Metadata-Version: 2.2
Name: phishradar
Version: 0.2
Summary: Phishing domain detection from Certificate Transparency logs.
Home-page: https://github.com/narekb/PhishRadar
Author: Narek Babajanyan
Author-email: narek_babajanyan@outlook.com
License: Apache Software License (Apache 2.0)
Project-URL: Source, https://github.com/narekb/PhishRadar
Classifier: Environment :: Console
Classifier: Intended Audience :: Information Technology
Classifier: Topic :: Security
Requires-Python: >=3.13
Description-Content-Type: text/markdown
License-File: LICENSE
Requires-Dist: certstream
Requires-Dist: PyYAML
Requires-Dist: wordsegment
Requires-Dist: aiohttp
Dynamic: author
Dynamic: author-email
Dynamic: classifier
Dynamic: description
Dynamic: description-content-type
Dynamic: home-page
Dynamic: license
Dynamic: project-url
Dynamic: requires-dist
Dynamic: requires-python
Dynamic: summary

# PhishRadar
Detect phishing/scam domains from [Certificate Transparency](https://certificate.transparency.dev/) logs.
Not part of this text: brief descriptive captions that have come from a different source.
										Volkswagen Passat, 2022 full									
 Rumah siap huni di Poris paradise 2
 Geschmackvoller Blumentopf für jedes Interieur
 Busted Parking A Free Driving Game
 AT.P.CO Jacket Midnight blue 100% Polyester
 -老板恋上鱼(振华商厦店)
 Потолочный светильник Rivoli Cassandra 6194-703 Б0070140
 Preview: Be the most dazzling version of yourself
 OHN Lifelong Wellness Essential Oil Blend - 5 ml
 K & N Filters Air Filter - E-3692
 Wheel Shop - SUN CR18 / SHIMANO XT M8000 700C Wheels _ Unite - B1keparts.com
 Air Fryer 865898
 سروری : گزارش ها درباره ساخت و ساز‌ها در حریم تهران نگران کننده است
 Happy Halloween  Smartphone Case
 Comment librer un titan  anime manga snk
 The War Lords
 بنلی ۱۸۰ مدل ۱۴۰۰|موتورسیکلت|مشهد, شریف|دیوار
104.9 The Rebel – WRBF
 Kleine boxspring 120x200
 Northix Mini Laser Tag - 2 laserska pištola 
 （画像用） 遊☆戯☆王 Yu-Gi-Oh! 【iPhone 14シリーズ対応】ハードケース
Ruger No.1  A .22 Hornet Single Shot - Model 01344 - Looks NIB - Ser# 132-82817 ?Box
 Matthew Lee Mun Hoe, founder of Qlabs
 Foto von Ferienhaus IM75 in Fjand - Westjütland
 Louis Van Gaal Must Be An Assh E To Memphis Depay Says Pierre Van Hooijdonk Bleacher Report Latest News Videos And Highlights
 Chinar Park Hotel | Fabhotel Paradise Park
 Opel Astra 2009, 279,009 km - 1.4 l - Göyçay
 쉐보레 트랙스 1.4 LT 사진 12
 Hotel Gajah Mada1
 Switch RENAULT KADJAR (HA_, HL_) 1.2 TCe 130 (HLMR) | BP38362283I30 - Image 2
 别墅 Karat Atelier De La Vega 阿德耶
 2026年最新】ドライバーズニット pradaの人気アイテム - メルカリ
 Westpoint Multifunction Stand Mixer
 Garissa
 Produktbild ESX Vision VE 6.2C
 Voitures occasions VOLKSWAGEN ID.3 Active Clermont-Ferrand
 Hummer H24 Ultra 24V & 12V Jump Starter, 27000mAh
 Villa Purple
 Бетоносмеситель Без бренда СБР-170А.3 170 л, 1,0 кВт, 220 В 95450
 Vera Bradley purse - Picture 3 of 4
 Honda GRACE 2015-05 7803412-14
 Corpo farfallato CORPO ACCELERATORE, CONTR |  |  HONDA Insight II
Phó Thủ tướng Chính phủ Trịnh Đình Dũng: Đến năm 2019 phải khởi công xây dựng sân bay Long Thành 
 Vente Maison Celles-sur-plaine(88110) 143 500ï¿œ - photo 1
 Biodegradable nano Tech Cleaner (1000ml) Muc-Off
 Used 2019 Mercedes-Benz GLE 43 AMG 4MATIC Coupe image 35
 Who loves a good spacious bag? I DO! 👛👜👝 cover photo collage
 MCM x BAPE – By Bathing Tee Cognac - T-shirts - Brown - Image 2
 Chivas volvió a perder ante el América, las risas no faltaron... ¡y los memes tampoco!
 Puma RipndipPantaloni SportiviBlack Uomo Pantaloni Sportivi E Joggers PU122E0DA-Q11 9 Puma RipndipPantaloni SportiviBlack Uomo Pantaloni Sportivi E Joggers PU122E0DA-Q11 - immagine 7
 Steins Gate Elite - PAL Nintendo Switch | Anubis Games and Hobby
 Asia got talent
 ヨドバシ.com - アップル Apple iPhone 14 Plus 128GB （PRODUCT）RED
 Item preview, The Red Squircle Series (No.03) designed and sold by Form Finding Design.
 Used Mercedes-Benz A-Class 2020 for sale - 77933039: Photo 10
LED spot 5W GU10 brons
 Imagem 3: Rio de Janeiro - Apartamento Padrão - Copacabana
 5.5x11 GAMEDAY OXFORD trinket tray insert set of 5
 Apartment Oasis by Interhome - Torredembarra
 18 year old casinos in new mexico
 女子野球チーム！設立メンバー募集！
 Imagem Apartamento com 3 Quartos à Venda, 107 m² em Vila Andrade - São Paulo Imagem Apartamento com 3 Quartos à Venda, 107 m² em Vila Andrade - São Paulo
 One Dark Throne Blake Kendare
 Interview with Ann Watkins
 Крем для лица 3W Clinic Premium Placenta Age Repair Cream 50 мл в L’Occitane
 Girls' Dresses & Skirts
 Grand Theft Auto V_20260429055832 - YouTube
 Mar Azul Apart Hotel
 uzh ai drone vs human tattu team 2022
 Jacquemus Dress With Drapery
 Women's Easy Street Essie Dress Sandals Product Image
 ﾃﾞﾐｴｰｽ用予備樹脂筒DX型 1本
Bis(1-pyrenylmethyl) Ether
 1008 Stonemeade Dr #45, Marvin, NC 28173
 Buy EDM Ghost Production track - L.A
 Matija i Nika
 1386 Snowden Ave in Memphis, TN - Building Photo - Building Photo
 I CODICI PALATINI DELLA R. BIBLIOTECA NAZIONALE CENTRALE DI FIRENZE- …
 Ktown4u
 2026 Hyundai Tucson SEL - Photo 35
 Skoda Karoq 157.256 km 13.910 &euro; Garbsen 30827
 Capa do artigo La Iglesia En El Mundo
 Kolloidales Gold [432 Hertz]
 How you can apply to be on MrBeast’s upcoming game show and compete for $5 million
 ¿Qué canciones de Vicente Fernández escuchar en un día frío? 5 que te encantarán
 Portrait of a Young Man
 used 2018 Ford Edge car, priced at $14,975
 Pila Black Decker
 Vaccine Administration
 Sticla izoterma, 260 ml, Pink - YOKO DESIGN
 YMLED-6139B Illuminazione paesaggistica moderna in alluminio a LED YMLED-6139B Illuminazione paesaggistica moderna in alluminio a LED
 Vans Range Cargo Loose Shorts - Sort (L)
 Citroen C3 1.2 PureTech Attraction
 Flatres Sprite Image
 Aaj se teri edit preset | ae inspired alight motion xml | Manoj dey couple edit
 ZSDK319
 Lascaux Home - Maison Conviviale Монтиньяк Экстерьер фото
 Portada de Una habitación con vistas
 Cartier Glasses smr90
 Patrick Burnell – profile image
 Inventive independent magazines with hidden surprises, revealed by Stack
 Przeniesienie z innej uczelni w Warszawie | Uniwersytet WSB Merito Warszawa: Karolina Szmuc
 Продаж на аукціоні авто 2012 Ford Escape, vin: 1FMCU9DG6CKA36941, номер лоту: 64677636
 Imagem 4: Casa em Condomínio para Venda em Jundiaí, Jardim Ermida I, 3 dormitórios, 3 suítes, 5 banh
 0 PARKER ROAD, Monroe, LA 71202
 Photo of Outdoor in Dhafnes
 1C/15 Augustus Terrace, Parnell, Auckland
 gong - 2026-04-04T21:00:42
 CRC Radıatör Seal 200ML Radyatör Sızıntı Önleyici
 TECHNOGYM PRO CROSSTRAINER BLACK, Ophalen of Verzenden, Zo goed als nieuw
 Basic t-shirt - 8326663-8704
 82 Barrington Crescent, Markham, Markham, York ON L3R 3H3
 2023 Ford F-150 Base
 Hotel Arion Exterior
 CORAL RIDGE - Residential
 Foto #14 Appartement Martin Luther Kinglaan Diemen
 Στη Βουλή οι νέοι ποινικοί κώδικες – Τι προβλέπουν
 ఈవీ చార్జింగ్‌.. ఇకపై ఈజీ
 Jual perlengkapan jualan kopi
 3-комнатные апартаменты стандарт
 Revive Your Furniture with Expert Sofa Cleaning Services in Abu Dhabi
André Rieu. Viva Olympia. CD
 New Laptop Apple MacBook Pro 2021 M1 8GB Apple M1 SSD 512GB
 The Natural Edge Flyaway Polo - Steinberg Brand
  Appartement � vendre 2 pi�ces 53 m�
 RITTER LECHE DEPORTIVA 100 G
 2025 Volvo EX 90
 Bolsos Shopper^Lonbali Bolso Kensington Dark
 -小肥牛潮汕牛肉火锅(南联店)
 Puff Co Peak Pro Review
Can be useful for internal security teams for monitoring company-specific domains, as well as for sectorial/national CERTs for monitoring the domains of their constituents. 

Logs are retrieved via [Certstream](https://certstream.calidog.io/). Keywords are set in a YAML configuration file and detected via two methods:
* for common subwords, results from [WordSegment](https://github.com/grantjenks/python-wordsegment) are scanned
* for rarer words (e.g. brand names), we simply check if the domain contains the keyword - this is because WordSegment may not correctly separate unknown subwords.

For better customization, a minimal threshold of matching keywords can be set. 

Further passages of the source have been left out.